=== WHAT TO DO ===
Starting at the line that contains "All right, and", output each line exactly as written through the end of the listing below, but leave out the pictures.

=== MATERIAL PROVIDED ===
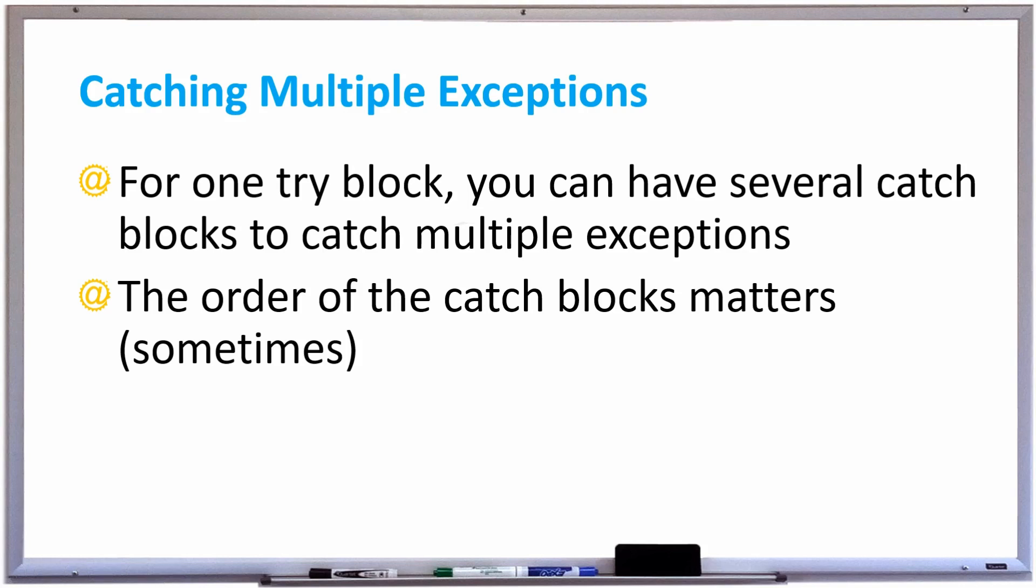Hey everyone, in this video we're going to learn how to catch multiple exceptions. For one try block you can have several catch blocks to catch multiple exceptions. But please take note that the order of these catch blocks makes a difference.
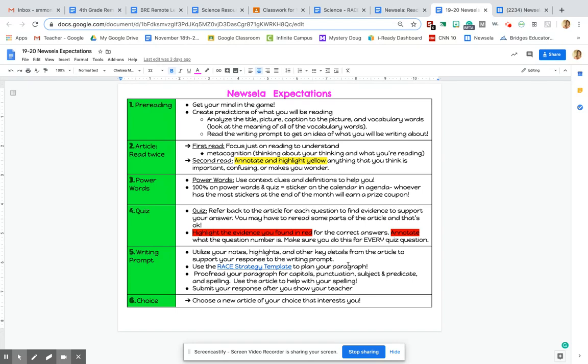All right, and then the writing prompt, I kind of went over that earlier, but that's in your Google Classroom. You're going to take a look at the article, look at your notes, your highlights, anything from the article that will help you in your writing prompt. It's also a good idea in your evidence to quote maybe a part of the article. So make sure you use quotation marks. You can also restate it in your own words. Part of the article, that is fine too. Make sure you proofread your article for capitals, punctuation, subject, predicate, spelling, and then you're going to revise your article.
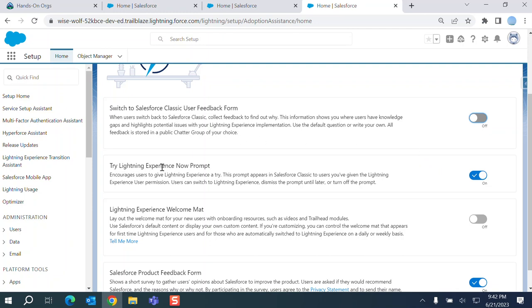Try lightning experience prompt. So you can toggle on and off if the users are using classics. So you can prompt and ask, do you want to use lightning and try it out?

=== FINAL ANSWER ===
All right, and then the writing prompt, I kind of went over that earlier, but that's in your Google Classroom. You're going to take a look at the article, look at your notes, your highlights, anything from the article that will help you in your writing prompt. It's also a good idea in your evidence to quote maybe a part of the article. So make sure you use quotation marks. You can also restate it in your own words. Part of the article, that is fine too. Make sure you proofread your article for capitals, punctuation, subject, predicate, spelling, and then you're going to revise your article.
Try lightning experience prompt. So you can toggle on and off if the users are using classics. So you can prompt and ask, do you want to use lightning and try it out?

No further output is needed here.